樹下だより

倉石隆の夏。 

2015年8月6日(木曜日)

本日も暑い一日、夕立もなく最後の雨も何時だったか思い出せません。
そんな日に作家の夏を見てみました。

樹下美術館の展示作家である画家倉石隆は人物の内面に挑戦した油彩メインの人物画家です。
そのためでしょう、タイトルに季節が入る作品は希のようです。
樹下美術館の油彩で「夏」が付いた作品は「夏の午後」が一点あるだけです。

 

55昨年展示した大きな作品「夏の午後」 1981年 145,5×112,0㎝
人物の上半身は女性だが、下半身、足などは男性の如く描かれている。
一体が男女であろう身体は空高く、気持ちよさそうに夏の日射しを浴びている。
モノクロームの空間は深く、背後の雲は優しい。
人物は極めて健康的で、一種性的な満足〔幸福)感を現しているように見える。
(以前は男性的な女性としか見ていませんでしたが、最近見方が変わりました)

 

次はがらりと変わって少年少女向け書籍「森の少女」の挿絵の夏です。
著者の椋鳩十(むくはとじゅう)は、奥深い信州の山の豊かさと神秘性、
およびそこに於ける人間の強さと暖かさを一夏の出来事として書いています。

 

森の少女」森の少女:椋鳩十・著 倉石隆・絵 偕成社1982年3月 第一刷発行

 123森の少女の挿絵原画から:物語の山姫を疑っていた少女が後半で正彦の前に現れる。
一種重厚な油彩と対照的に、倉石隆の挿絵は物語に沿って明快です。

この本は当館に1982年11月の第二刷が別にありますので、
明日それをカフェに置かせて頂きます、どうかご覧下さい。

さて暑い日は続きます。
本日午後じっとしていられずゴルフの練習場に行きましたところ、帰ると体が軽く感じられました。

後日齋藤三郎(陶齋)の夏を掲載致します。

10月17日(土曜日)夕刻は三人の大学院生によるコンサート。

2015年8月4日(火曜日)

来る10月17日(土曜日)、樹下美術館において、
“三人の大学院生による秋の美術館コンサートを開催致します。

上越教育大学大学院の院生さんたちは23才、とてもフレッシュな三人です。
若者とはいえ十分な学びとキャリアを積んでおられ、演奏会が楽しみです。

 

コンサート告知どうぞ大きくしてご覧ください。

 

第一報ですが、いずれお三人のプロフィールやプログラムの概要などをお伝えしていこうと思います。

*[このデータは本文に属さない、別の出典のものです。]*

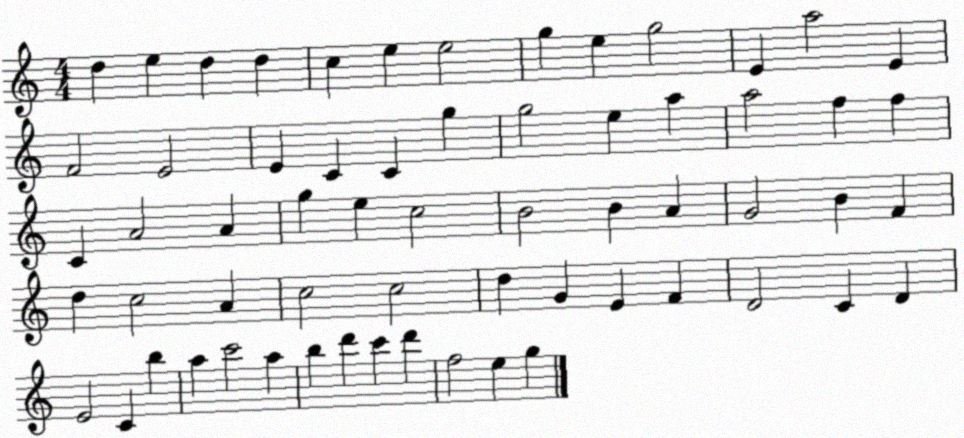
X:1
T:Untitled
M:4/4
L:1/4
K:C
d e d d c e e2 g e g2 E a2 E F2 E2 E C C g g2 e a a2 f f C A2 A g e c2 B2 B A G2 B F d c2 A c2 c2 d G E F D2 C D E2 C b a c'2 a b d' c' d' f2 e g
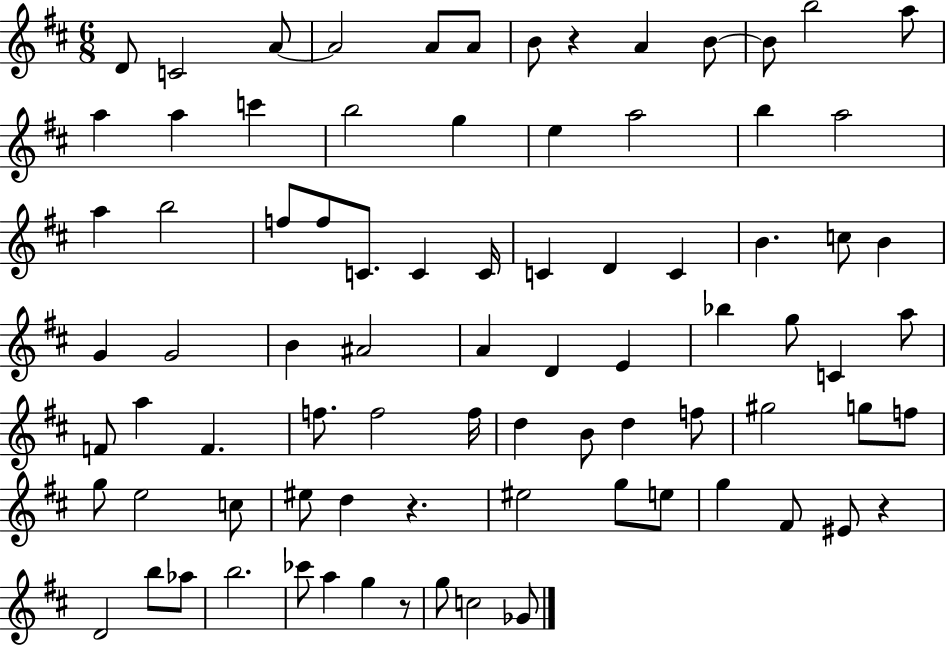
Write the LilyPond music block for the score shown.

{
  \clef treble
  \numericTimeSignature
  \time 6/8
  \key d \major
  d'8 c'2 a'8~~ | a'2 a'8 a'8 | b'8 r4 a'4 b'8~~ | b'8 b''2 a''8 | \break a''4 a''4 c'''4 | b''2 g''4 | e''4 a''2 | b''4 a''2 | \break a''4 b''2 | f''8 f''8 c'8. c'4 c'16 | c'4 d'4 c'4 | b'4. c''8 b'4 | \break g'4 g'2 | b'4 ais'2 | a'4 d'4 e'4 | bes''4 g''8 c'4 a''8 | \break f'8 a''4 f'4. | f''8. f''2 f''16 | d''4 b'8 d''4 f''8 | gis''2 g''8 f''8 | \break g''8 e''2 c''8 | eis''8 d''4 r4. | eis''2 g''8 e''8 | g''4 fis'8 eis'8 r4 | \break d'2 b''8 aes''8 | b''2. | ces'''8 a''4 g''4 r8 | g''8 c''2 ges'8 | \break \bar "|."
}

明日より受付を始めます、どうか振るってお申し込みください。

みんなで遅刻 ケータイを持たない外出で陸の孤島化。

2015年7月27日(月曜日)

昨夕、東京からの客である知人と食事をするため、高田のホテルで待ち合わせをした。
17:45ロビー集合。
万事妻任せの私は財布もケータイも持たず診療所を出て、妻が待っているはずの美術館へ向かった。
ところが着いてみると妻の姿は無い。

「どうしたのだろう」美術館の電話を使って妻のケータイに掛けたが伝言設定だった。
「少し待ってから、先に出る」と伝言、返事が無かったためやむなく高田に向かった。
客人は几帳面な人だ、美術館で手間取ってしまい焦った。
それにしてもこんな時にケータイが無いと陸の孤島に居るようになる。

悪いことに高田に入って高速道路を降りると、珍しくひどい渋滞だった。
何度も信号待ちした後、稲田橋を渡るのに10分以上を要して完全に遅刻である。
付近の関川で「直江津祇園祭」に向かう「みこし渡御」の祭事が行われていた。

6,7分の遅れでホテルに着いたがロビーに知人も妻も居なかった。
まさか私を残して出ることはないだろう。
財布が無いので妻へ公衆電話も掛けられない。
行く店も妻任せで名を聞いていない、そもそも集合場所がこのホテルだったのか。

駅前のロータリーを回って気を静めてみる。
戻ってホテル脇に停めると知人が慌てて出て来た。
「遅れて済みません、訪ねたお宅で長引いちゃって」
と盛んに謝る。

ひとまず私の車に乗ってもらったが、どこへ行けばいいのか。
すると知人のケータイが鳴り、妻からだった。
最初の待ち合わせ場所が美術館でなく診療所だったと言い、夕刻の用事にも手間取ったらしい。
いまホテルの駐車場に入った所と言うと、間もなくはーはーと言って妻が現れた。

やれやれ、最も用心の悪かった私が一番乗りだったとは。
全員遅刻となったが、なぜか皆ほっとしている。

来る途中の妻は店に遅刻の侘びを入れてあり、お陰で楽しい食事となった。

 1 県内産、地場産の凝ったオードブル.。
開店6周年記念メニューはみな口に美味しく胃に優しかった。

2

「私はなにかと数を数える癖がある。公園の木も年月や時間も」
「駅の階段は数えながら上り下りすると安全」
私と同じ年の几帳面な知人の幾分不思議かつ為になる話だった。

帰路、車が二台になったが、飲んだ妻は一晩高田の実家に泊まり、
飲まなかった私がそれぞれの所へアッシ-をした。
ケータイと財布を持たずに外出した私が最もいけなかったのは論を待たない。

梅雨が明けて。

2015年7月21日(火曜日)

本日北陸も梅雨明けと報じられた。

かっての昔、「梅雨明け宣言」と言っていたような気がするが、今は言わないようだ。

ちなみに当地の明日の予報は、午後に雲と傘のマークが付いている。
梅雨入りや梅雨明けは絶対的な区切りではなく、グレーゾーンを伴うのは自然であろう。
気象庁でも〝梅雨明けしたと「みられる」と「発表」〟という風に控えめな言い方をしていている。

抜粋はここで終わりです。